Whereas the Declaration expresses the existence of unity at the time of the founding, many of the Federalist Papers contemplate the importance of a strong or firm union. For example, Federalist 9 asserts in its first line that “A FIRM Union will be of the utmost moment to the peace and liberty of the States, as a barrier against domestic faction and insurrection.” Additionally, Federalist 10 asserts that “Among the numerous advantages promised by a well-constructed union, none deserves to be more accurately developed than its tendency to break and control the violence of faction.” In other words, at the time of ratification, one of the most salutary effects of the United States Constitution was that it bolstered the existing unity between the American people and thereby combated faction and disunion. As discussed in previous essays, in Federalist 9 and 10, Publius argued that the particular kind of union created by the Constitution was the key to subverting the violence of faction, the primary vice of the political system under the Articles of Confederation.

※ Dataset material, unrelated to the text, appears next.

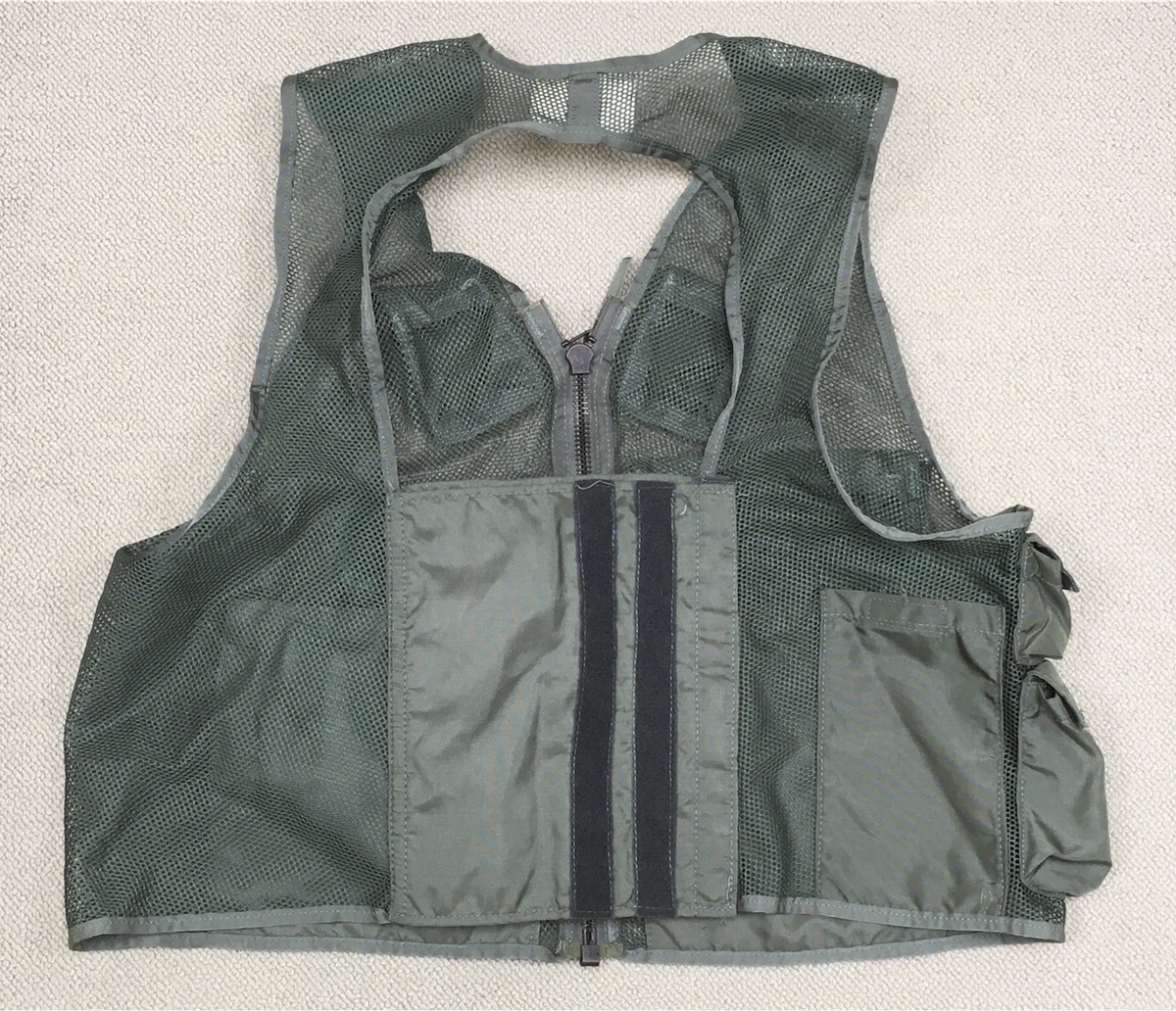 便利なベストです！【アメリカの軍服】空軍パイロットサバイバル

But union was not only an important principle at the time of the signing of the Declaration and the ratification of the Constitution. The Declaration sets forth “self-evident truths” that are meant to guide the American people through time. The principles explicitly enumerated are “life, liberty, and the pursuit of happiness.” However, in Washington’s Farewell Address he emphasized the principle of “union” as that which secured the principles of the Declaration. In the Farewell Address, Washington counseled the American people: “The unity of government which constitutes you one people is also now dear to you. It is justly so; for it is a main pillar in the edifice of your real independence, the support of your tranquility at home, your peace abroad, of your safety, of your prosperity, of that very liberty which you so highly prize.” He told the people that “it is of infinite moment that you should properly estimate the immense value of your national Union to your collective and individual happiness; that you should cherish a cordial, habitual, and immovable attachment to it; accustoming yourselves to think and speak of it as of the palladium of your political safety and prosperity; watching for its preservation with jealous anxiety; discountenancing whatever may suggest even a suspicion that it can in any event be abandoned; and indignantly frowning upon the first dawning of every attempt to alienate any portion of our country from the rest, or to enfeeble the sacred ties which now link together the various parts.” In other words, Washington argued that union was the principle that secured the self-evident truths for which the Americans had fought in the Revolutionary War. According to Washington, the principle of union was necessary to secure the rights to life and liberty as well as the freedom to pursue happiness. Washington believed that if union failed, then the American experiment failed, and if the American experiment failed, then the prospect of liberty and self-government everywhere was in danger. Therefore, he urged the people to cherish the principle of union.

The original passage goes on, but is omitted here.